Peeling away those layers, though, has revealed some really painful things – my fears, insecurities, feeling at once “too much” and “not enough” – things that probably caused me to take on all of that extra baggage in the first place. These are always with me but my awareness of them seems to be heightened by relationships, especially those of a romantic nature.
Fortunately, while I’ve stripped away some of the negative distractions from my life, I’ve managed to add some things that enhance my awareness – running, for example, and meditation.
About the same time I started my daily meditation practice last summer, I started (or restarted) a relationship – I realize now that this was no coincidence. It is in fact the first relationship I’ve been in since quitting drinking and since I stopped taking antidepressants (the possibility of coming off antidepressants was one of the major reasons I stopped drinking); both drugs served to buffer my feelings and now that buffer is gone. And I find myself feeling wide open, exposed, and vulnerable.
As I shared with Susan Piver in our recent interview, one of the reasons I started meditating was so that I could feel safer “out there” in the world, so that despite my vulnerability, I could be brave and take risks. In this way, I was secretly hoping that meditation would protect me.

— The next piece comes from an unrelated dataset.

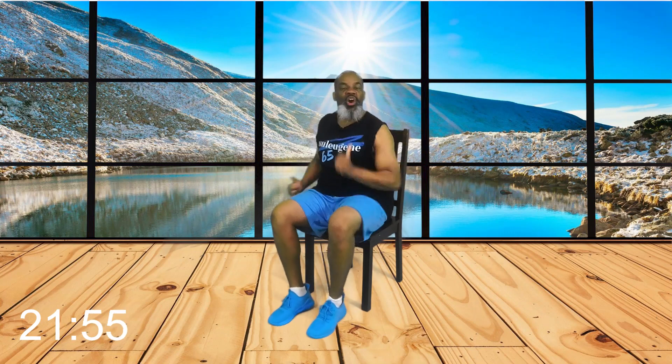Good day, this is Coach Paul Eugene and I'm back with another one of my exciting Power Cardio Chair Workout. Now this workout, it's not going to be long because I'm short on time, but I want to get you up and moving today, pushing your body, sitting and getting fit.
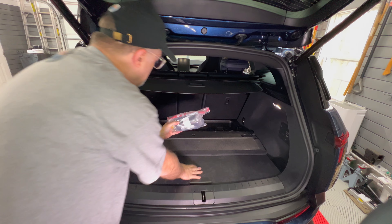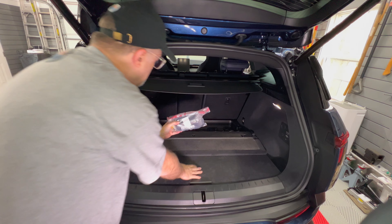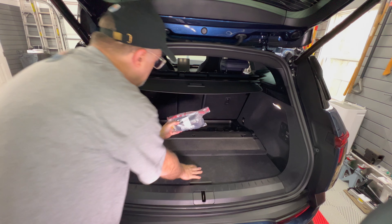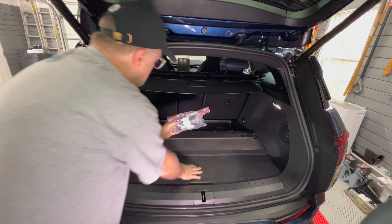Today is a quick tip video. Let me open up the liftgate. I'll go to the very front area here. If you pull this back, there are several items, one of which is this.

When I sit on the cushion, I try to focus awareness on the breath. And when thoughts inevitably take that awareness away, I gently return it to the breath. While this sounds incredibly simple, there are times when it could not be more difficult. Thoughts about everything from the mundane (what am I going to eat for breakfast?) to the profound (what am I doing with my life?) to the painful (what if I grow old alone?) arise and make the breath seem like the least interesting thing on Earth.
An inherent bias for action makes me want to do something, not just sit there. There have been more times than I care to admit that I have wanted to give up – to turn off my little iPhone meditation app, get up, and walk away. Luckily staying seated also appeals to my inherent laziness so I’ve been able to resist that temptation for the most part. And I’m learning that part of the practice is exactly that: resisting the urge to give up and, even if you are having what you think is the worst practice of your life, staying.
In some ways, it is getting easier. I recognize my wandering mind a little earlier and can return awareness to the breath. At the same time, the practice seems to be deepening my awareness of my essential vulnerability. While I’d initially hoped that it would serve as a protective shield for me, I’m instead feeling even more raw, open, and exposed. It’s uncomfortable. But I sit. Stay.
Relationships, too, are inherently uncomfortable. During the past several months in my relationship, thoughts and issues have arisen and at times have made me want to run away. Letting go of past hurts, staying in the present moment, giving someone the benefit of the doubt, accepting uncertainty – these are not easy things to do day in and day out.
Like an abused dog that has been adopted into a new and loving home, I hold the memory of being hurt just under the surface, even when my tail is wagging. Sometimes I want to run away, fearing the beating. But if I ran, might I miss the biscuit? And when the outcome is truly unknown, isn’t the biscuit at least as likely, if not more so, than the blow?
Like meditation, this relationship has reminded me how powerless I am, but that there is strength in that. If I can tolerate the uncertainty and the empty spaces, there is great possibility. So I sit. Stay.